One of Donald Trump's senior advisers has admitted that he had contact with the figure claiming to be behind the hacking of Democratic emails during the US presidential election.

Roger Stone told The Washington Times that the private exchange with Guccifer 2.0 was "perfunctory, brief and banal".

The Republican Party strategist added that they had made contact after the hacking had taken place.

Their interaction followed an article on right wing news site Brietbart, which accused Guccifer 2.0 of being behind the intrusion and not the Russian state, he said.

US intelligence and homeland security officials said in January that they had "high confidence" Russian military intelligence used the Guccifer 2.0 persona to release the stolen information.

In a separate interview, Mr Stone told the New York Times the interaction was "innocuous" and involved nothing more than the exchange of a few direct messages.

He insisted he had not colluded with Russia or the hackers.

"You would need a time machine in order to collude," he said, adding that Russian President Vladimir Putin "has not yet perfected a time machine".

Mr Stone, who officially ended his involvement in the Trump campaign in 2015, but he reportedly remains a "confidant" of the President.

Nicknamed "the dirty trickster", he has a reputation in Washington for underhand campaign tactics and the promulgation of conspiracy theories about his political rivals.

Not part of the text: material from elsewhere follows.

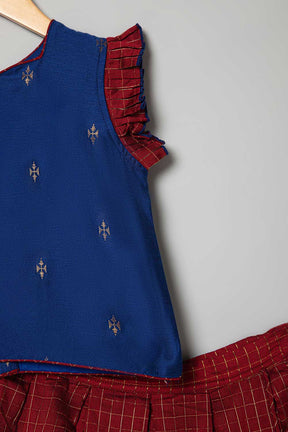 Chittythalli Knife Pleat Sleeve With Stylized Neck Line & Box Pleat Skirt  Pavadai Set -  Navy Blue  - PS51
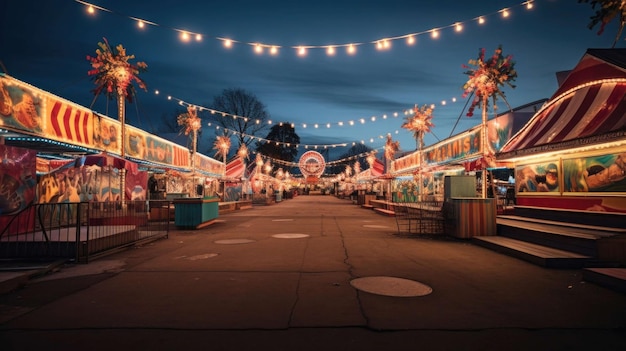 an empty carnival midway adorned with festive banners and lights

He was banned from major American news networks during the 2016 electoral campaign after he used a racial epithet to describe an African American journalist.

Last week the veteran Republican campaigner repeated Mr Trump's unsubstantiated allegation that Barack Obama had ordered wiretapping in New York's Trump Tower ahead of the presidential election.

"I believe that [Mr Trump] was under surveillance by the federal government, by the intelligence agencies, while he was the Republican nominee for President," he told Russia Today, the international television network funded by the Russian government. "This is a scandal bigger than Watergate."

Mr Obama's team has strongly denied he had ordered a wiretap.

Mr Stone also said he had a "perfectly legal back channel" means of communicating with WikiLeaks' Julian Assange, whose organisation released the trove of hacked Democratic emails.